SCPs do not apply to the management account.
FullAWSAccess
SCP is attached at Root OU.
Deny policies on Org Unit cannot be overridden at account level.
It integrates with other services like IAM.
It is provided at no additional charge.
AWS Systems Manager
AWS Systems Manager is used to manage a large number of servers in AWS and on-premise.
It needs to install a Systems Manager Agent, which is a software to be installed on all of your servers.
AWS Control Tower
AWS Control Tower helps you manage an environment having multiple accounts. Think of it as a AWS Organization orchestrator. It offers automated provisioning and governance.
Preventive Guardrails
provide preventive measures whereas Detective Guardrails
provide reactive measures.
Account Factory
helps automate setting up the new accounts.
AWS Service Catalog
AWS Service Catalog is a curated collection of IT services.

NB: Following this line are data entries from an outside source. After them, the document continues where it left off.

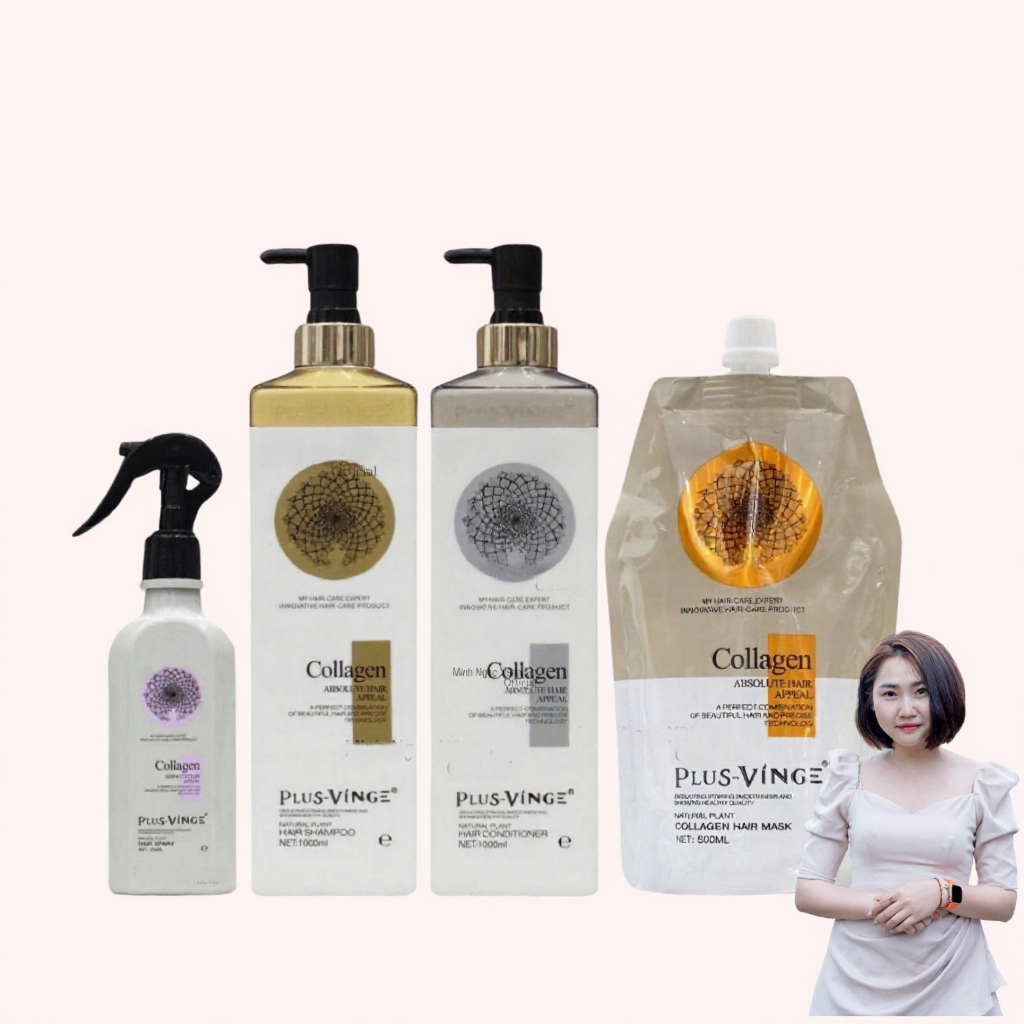 Cặp dầu gội xả Collagen Vinge Trắng Kích Thích Mọc Tóc, Phục Hồi Tóc Hư Tổn Hàng Chính Hãng Ý ALYA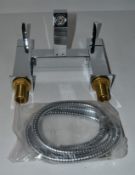 1 x Vogue Series 1 Bath Modern Bath Shower Mixer Tap With Shower Hose In Bright Chrome - High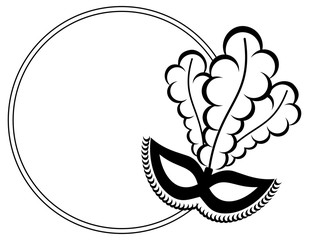 Silhouette round frame with carnival masks. Vector clip art.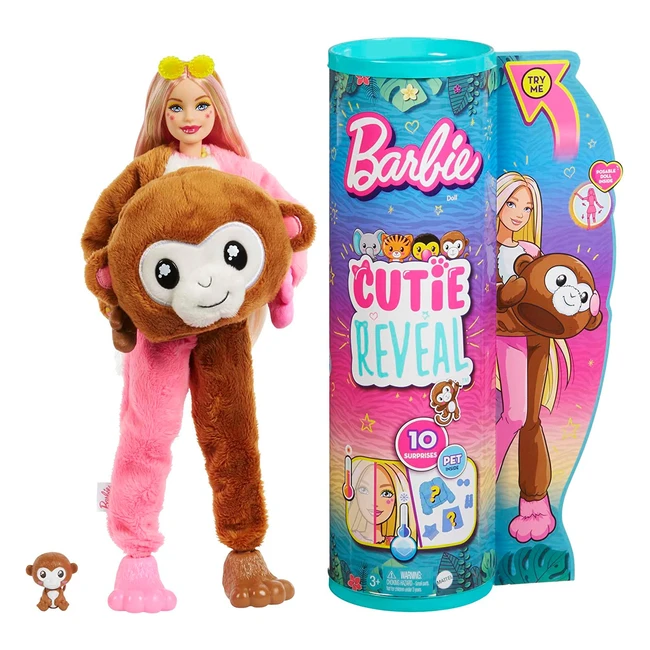 Poupe Barbie Cutie Reveal Jungle avec costume de singe en peluche 10 surprise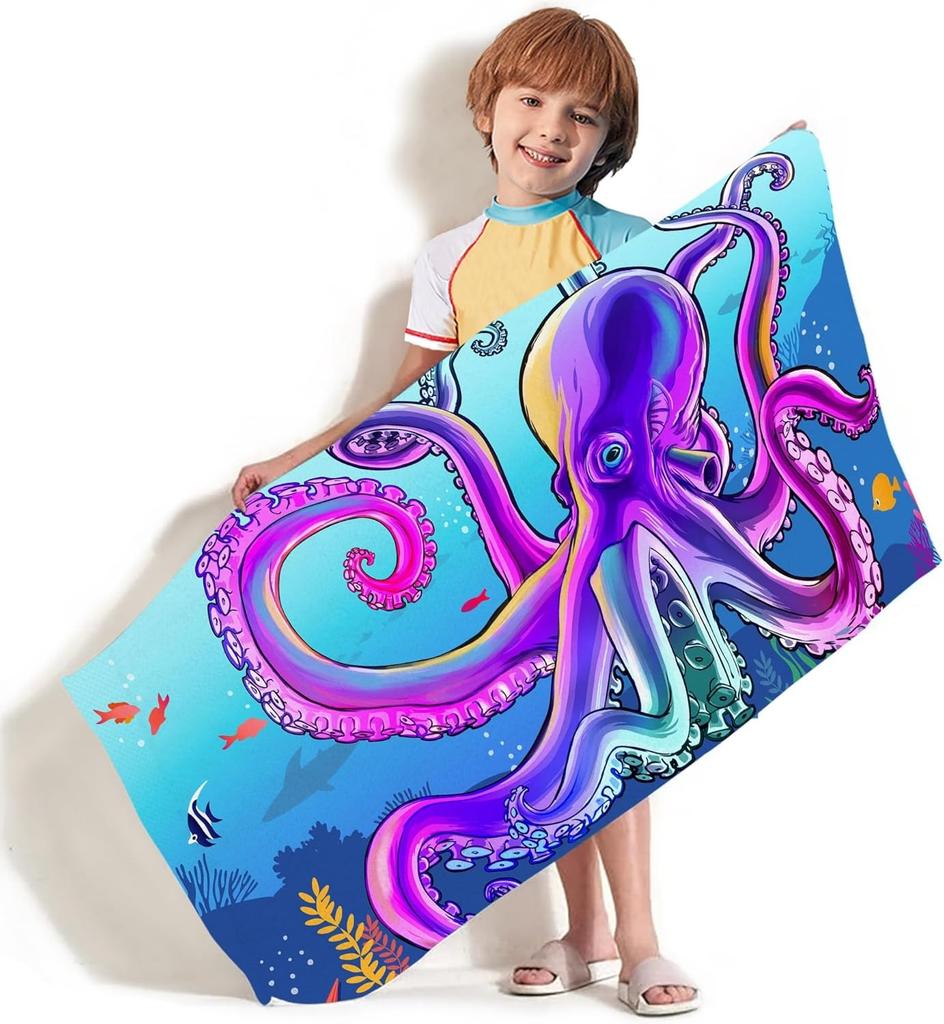 1PC Big Octopus Beach Towel for Children friends Gifts Towel Quick-Dry Towel For Bath Yoga Tourism Beach GYM Camping Swimming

An IT administrator manages the catalog.
Roles define what a user is allowed to use.
Some challenges that occur without a Service Catalog are:
-
Inconsistent deployments
-
Lack of Governance
-
Uncontrolled spending
-
Complexity in managing accounts
-
Slow deployment of resources
Products
can be thought of a template to deploy a set of resources.
Cloud formation stacks can configure a Product.
Portfolios
manage who can access which Product.
Portfolio is a group of Products.
Catalog Administrator
manages the catalogs and products.
End users
use the products.
AWS License Manager
AWS License Manager manages software licenses from various vendors for cloud as well as on-premise.
License manager can prevent software from launching if it does not conform to a valid license.
It prevents over-use of a license, works across AWS accounts and enforces license rules.
Resource Group and Tag Manager
Resource Group and Tag Manager is used to group resources as per tags.
One good idea is to tag resources per environment.
AWS Proton
AWS Proton allows a platform team to create environments using IAAS. It automates deployments and can have flexible definitions.
AWS Resilience Hub
AWS Resilience Hub helps you set up your disaster recovery process by continuously tracking the application.
It has the capability to alert during outage.
It provides SOP (Standard Operating Procedure) for recovery.
Its features include:
-
Define the Resilience Policies
-
Run Assessments
-
Review Assessments
-
Implement Recommendations
-
Setup Alarms
-
Review SOPs
AWS Resource Explorer
AWS Resource Explorer simplifies the search and discovery of your AWS resources across AWS regions.
It has two types of users, an administrator and a normal user.
Index
is a collection of information about AWS resources in a specific region.
Local index
is specific to a region whereas an Aggregator index
collects data from all regions.
Every region replicates their local index to the aggregator index.